Work to be completed:
The reply is a verbatim copy of the listing below with its images dropped.

Stored data:
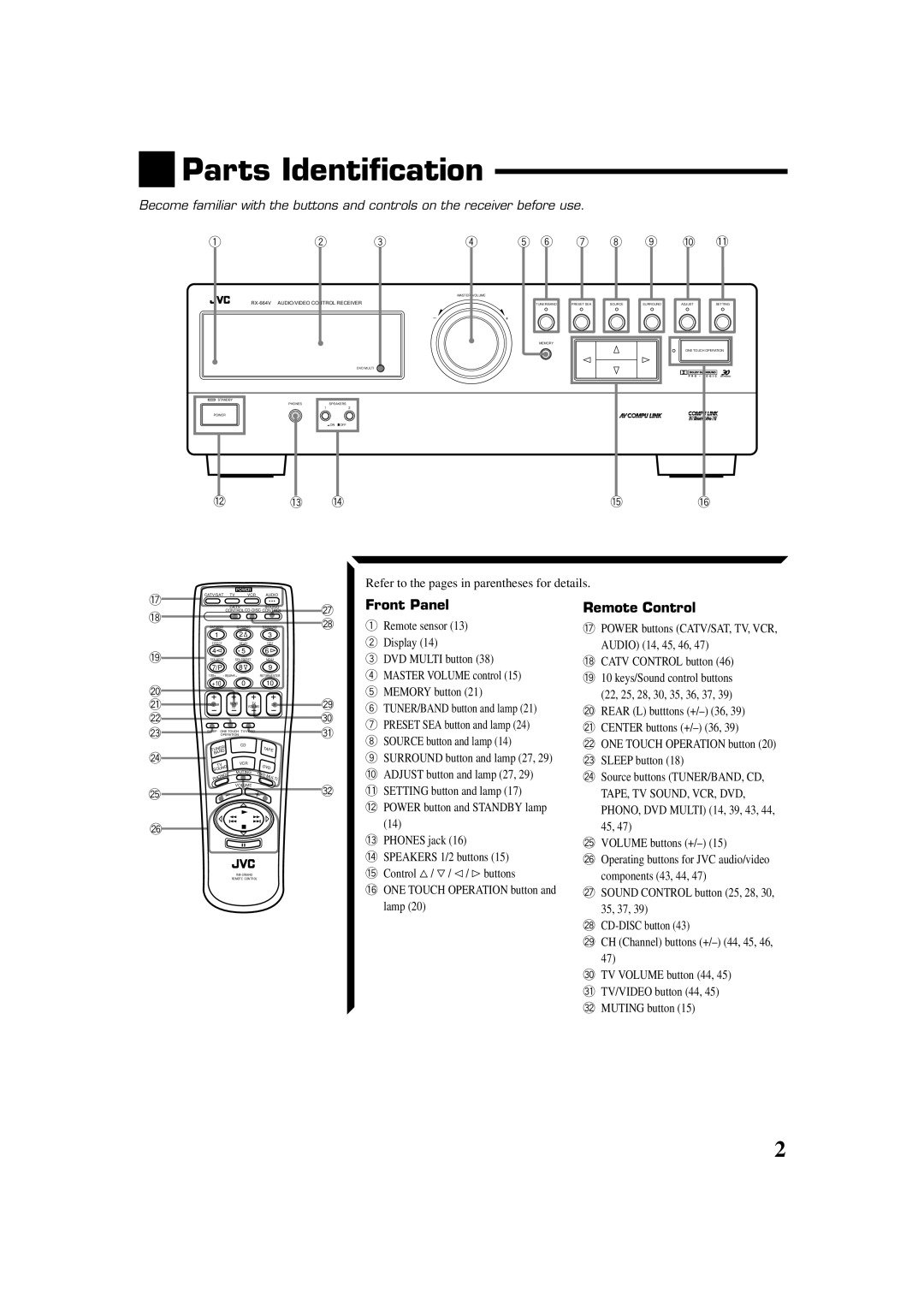 JVC RX-664VBK manual Parts Identification, Front Panel, Remote Control 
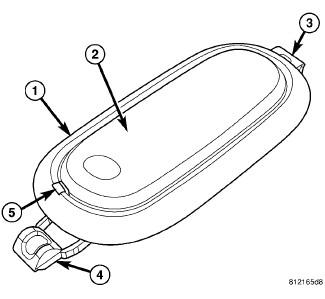 GC0086430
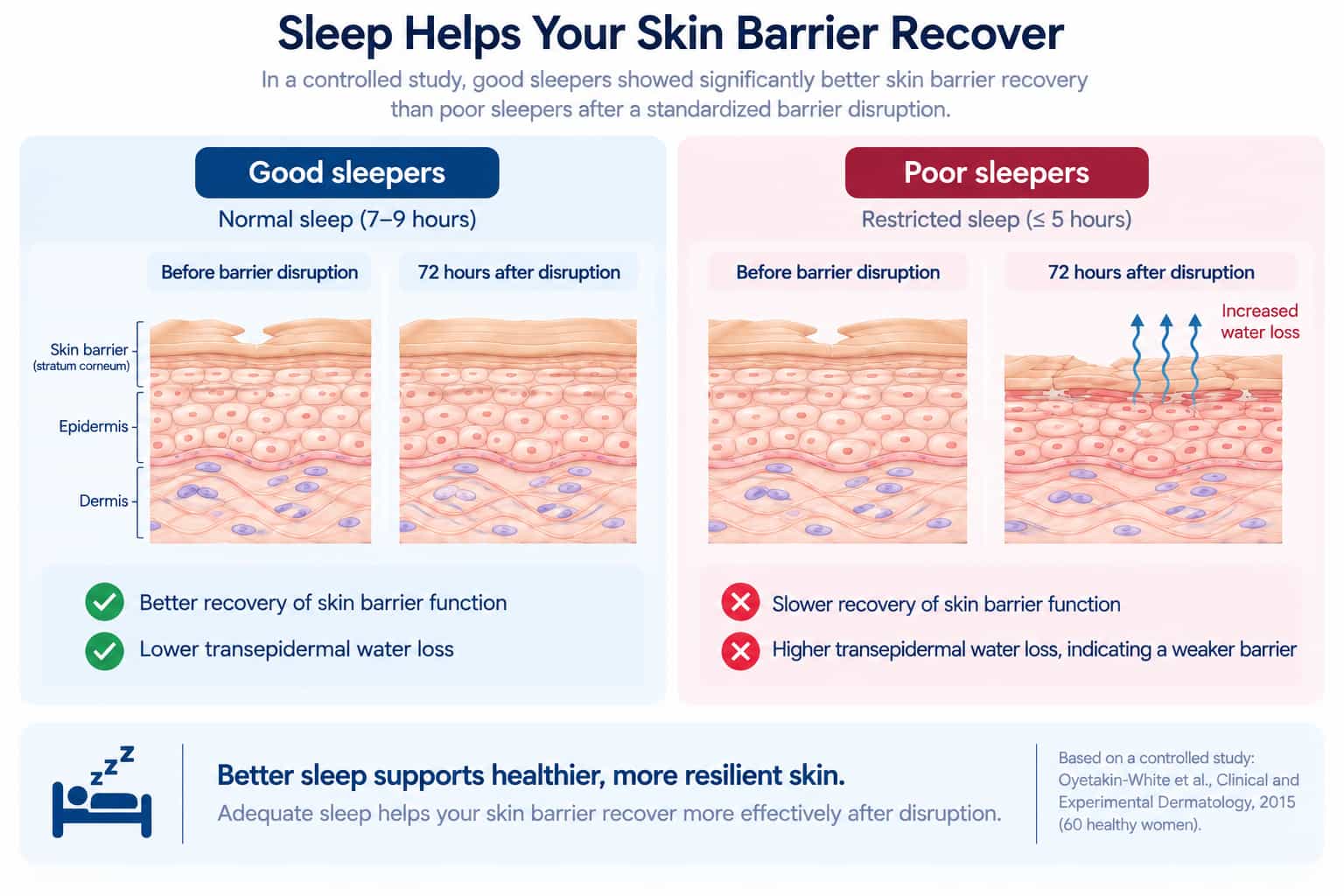 A before/after comparison showing skin barrier recovery differences between good and poor sleepers 72 hours after a standardized barrier disruption, from Oyetakin-White et al. 2015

Answer section:
 JVC RX-664VBK manual Parts Identification, Front Panel, Remote Control 
 GC0086430
 A before/after comparison showing skin barrier recovery differences between good and poor sleepers 72 hours after a standardized barrier disruption, from Oyetakin-White et al. 2015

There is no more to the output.